(PROVIDED MATERIAL begins)

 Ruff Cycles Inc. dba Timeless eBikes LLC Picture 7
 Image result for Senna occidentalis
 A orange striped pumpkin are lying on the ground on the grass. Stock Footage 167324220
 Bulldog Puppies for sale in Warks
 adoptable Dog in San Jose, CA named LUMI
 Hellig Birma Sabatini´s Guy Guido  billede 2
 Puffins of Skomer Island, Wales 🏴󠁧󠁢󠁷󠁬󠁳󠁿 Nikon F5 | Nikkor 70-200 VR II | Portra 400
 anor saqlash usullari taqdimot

(PROVIDED MATERIAL ends)
(PROVIDED MATERIAL begins)

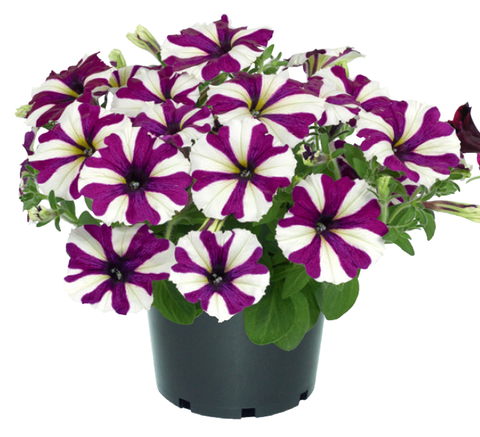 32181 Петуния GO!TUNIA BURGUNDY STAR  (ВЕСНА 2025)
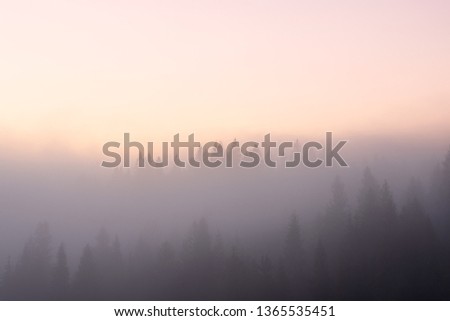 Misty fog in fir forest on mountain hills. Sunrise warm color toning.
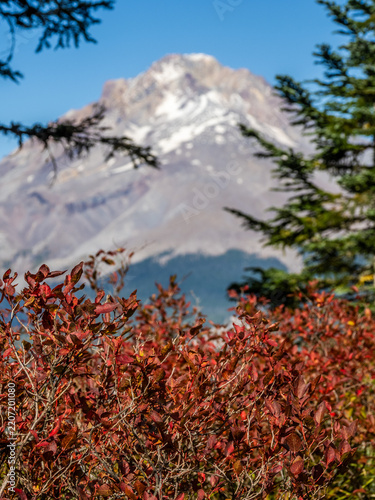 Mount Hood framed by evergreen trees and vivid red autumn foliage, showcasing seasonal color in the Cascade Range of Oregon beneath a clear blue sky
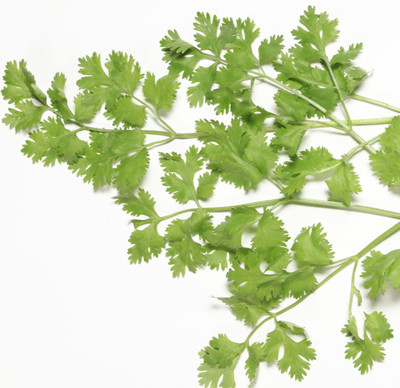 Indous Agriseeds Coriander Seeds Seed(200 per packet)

(PROVIDED MATERIAL ends)
(PROVIDED MATERIAL begins)

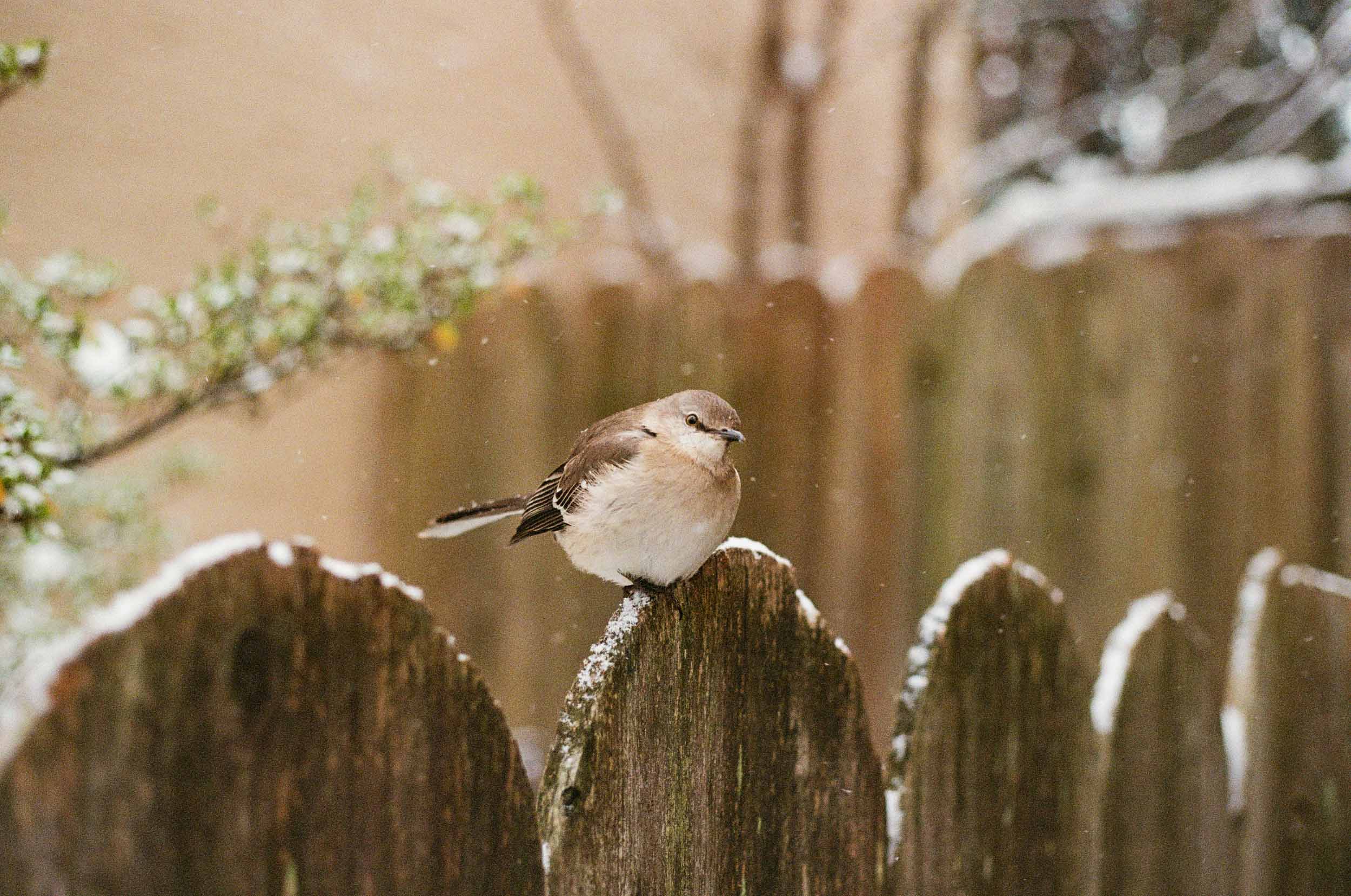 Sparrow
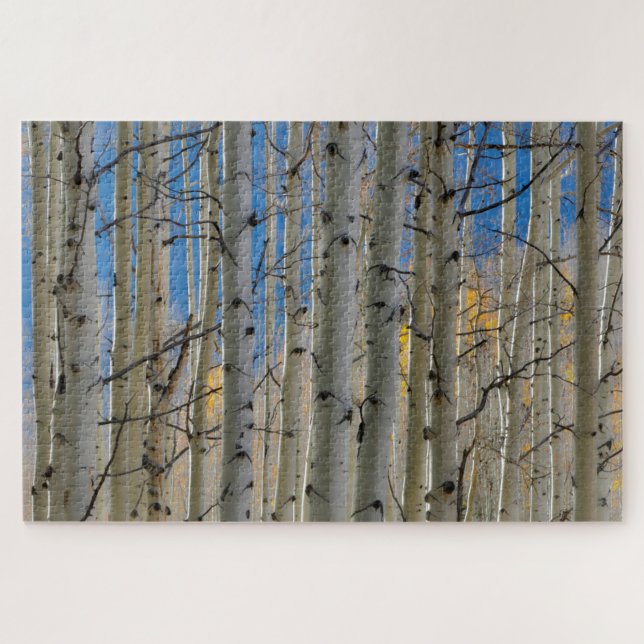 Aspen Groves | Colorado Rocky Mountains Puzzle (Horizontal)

(PROVIDED MATERIAL ends)

HOW TO COMPLETE THIS TASK:
Working from the material above, restate word for word the lines between the line with "Puffins of Skomer" and the line with "anor saqlash usullari taqdimot", both included, and only those.

THE ANSWER:
 Puffins of Skomer Island, Wales 🏴󠁧󠁢󠁷󠁬󠁳󠁿 Nikon F5 | Nikkor 70-200 VR II | Portra 400
 anor saqlash usullari taqdimot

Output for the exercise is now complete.